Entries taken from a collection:
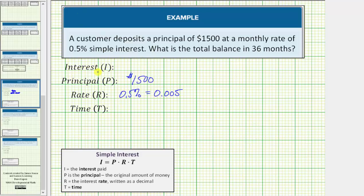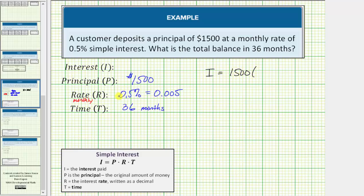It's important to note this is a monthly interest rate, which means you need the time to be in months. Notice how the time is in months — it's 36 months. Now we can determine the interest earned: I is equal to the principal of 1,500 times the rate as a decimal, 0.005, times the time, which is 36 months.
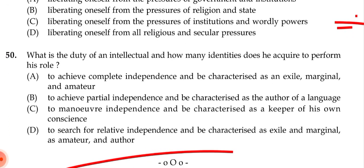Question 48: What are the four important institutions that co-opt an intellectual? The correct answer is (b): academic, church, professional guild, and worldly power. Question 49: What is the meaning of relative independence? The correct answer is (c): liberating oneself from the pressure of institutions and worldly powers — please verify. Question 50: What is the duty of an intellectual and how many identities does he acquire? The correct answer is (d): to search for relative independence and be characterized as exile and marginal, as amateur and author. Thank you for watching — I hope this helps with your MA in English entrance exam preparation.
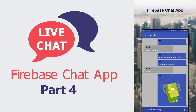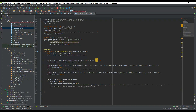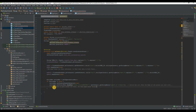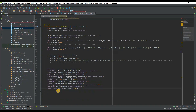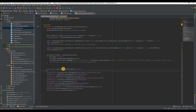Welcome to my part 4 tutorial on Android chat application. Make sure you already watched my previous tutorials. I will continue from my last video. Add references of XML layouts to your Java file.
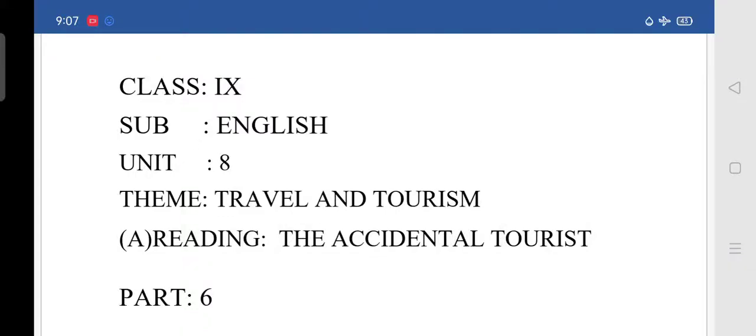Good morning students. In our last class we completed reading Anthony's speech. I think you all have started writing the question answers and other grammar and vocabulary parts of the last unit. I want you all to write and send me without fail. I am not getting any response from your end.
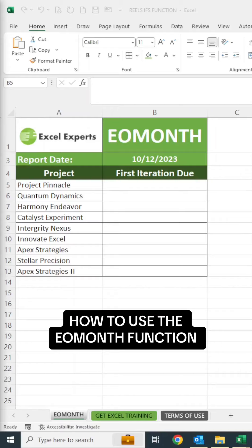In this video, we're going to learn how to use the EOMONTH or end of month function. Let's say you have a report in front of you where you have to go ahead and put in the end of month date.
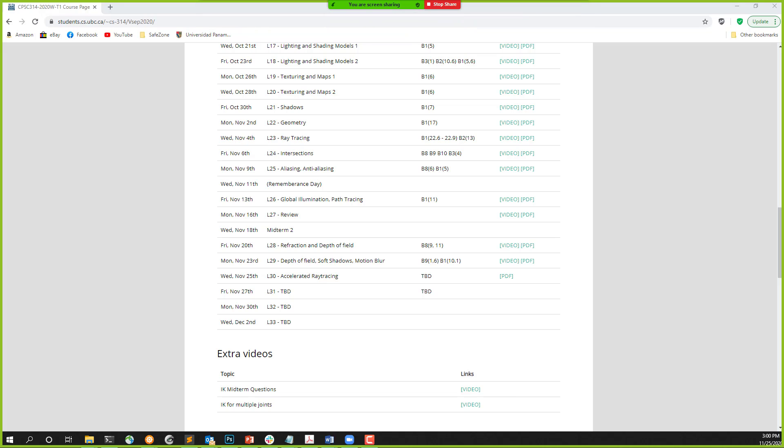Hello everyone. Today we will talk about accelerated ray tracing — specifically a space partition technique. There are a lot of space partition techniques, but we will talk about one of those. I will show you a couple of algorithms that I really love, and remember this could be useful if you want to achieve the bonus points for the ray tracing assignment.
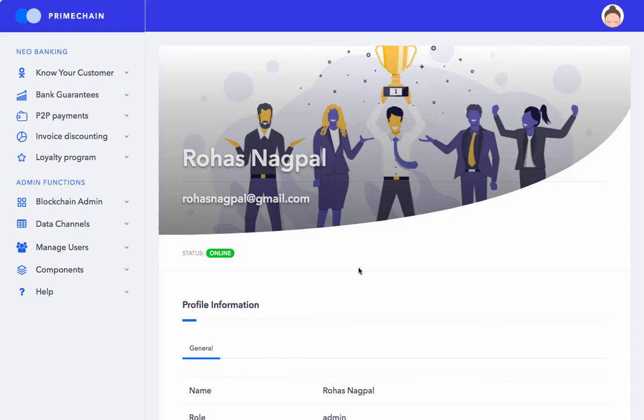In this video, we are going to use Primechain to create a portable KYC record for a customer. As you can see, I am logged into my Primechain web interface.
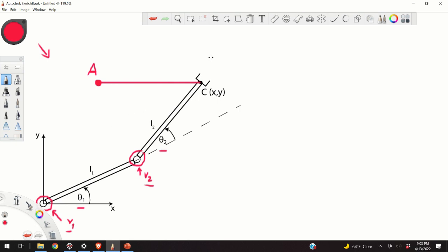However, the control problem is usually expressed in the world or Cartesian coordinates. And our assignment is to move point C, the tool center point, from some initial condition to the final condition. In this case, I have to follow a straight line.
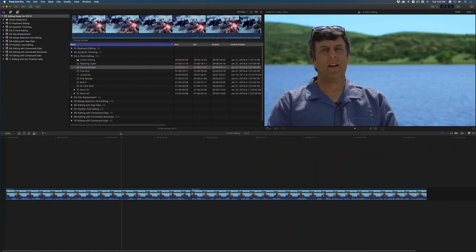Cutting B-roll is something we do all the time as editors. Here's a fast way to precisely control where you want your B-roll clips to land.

Problem statement: Could you repeat the entries word for word, skipping the pictures they contain?

Response area:
It's important to note this is a monthly interest rate, which means you need the time to be in months. Notice how the time is in months — it's 36 months. Now we can determine the interest earned: I is equal to the principal of 1,500 times the rate as a decimal, 0.005, times the time, which is 36 months.
Question 48: What are the four important institutions that co-opt an intellectual? The correct answer is (b): academic, church, professional guild, and worldly power. Question 49: What is the meaning of relative independence? The correct answer is (c): liberating oneself from the pressure of institutions and worldly powers — please verify. Question 50: What is the duty of an intellectual and how many identities does he acquire? The correct answer is (d): to search for relative independence and be characterized as exile and marginal, as amateur and author. Thank you for watching — I hope this helps with your MA in English entrance exam preparation.
Welcome to my part 4 tutorial on Android chat application. Make sure you already watched my previous tutorials. I will continue from my last video. Add references of XML layouts to your Java file.
Good morning students. In our last class we completed reading Anthony's speech. I think you all have started writing the question answers and other grammar and vocabulary parts of the last unit. I want you all to write and send me without fail. I am not getting any response from your end.
In this video, we're going to learn how to use the EOMONTH or end of month function. Let's say you have a report in front of you where you have to go ahead and put in the end of month date.
Hello everyone. Today we will talk about accelerated ray tracing — specifically a space partition technique. There are a lot of space partition techniques, but we will talk about one of those. I will show you a couple of algorithms that I really love, and remember this could be useful if you want to achieve the bonus points for the ray tracing assignment.
In this video, we are going to use Primechain to create a portable KYC record for a customer. As you can see, I am logged into my Primechain web interface.
However, the control problem is usually expressed in the world or Cartesian coordinates. And our assignment is to move point C, the tool center point, from some initial condition to the final condition. In this case, I have to follow a straight line.
Cutting B-roll is something we do all the time as editors. Here's a fast way to precisely control where you want your B-roll clips to land.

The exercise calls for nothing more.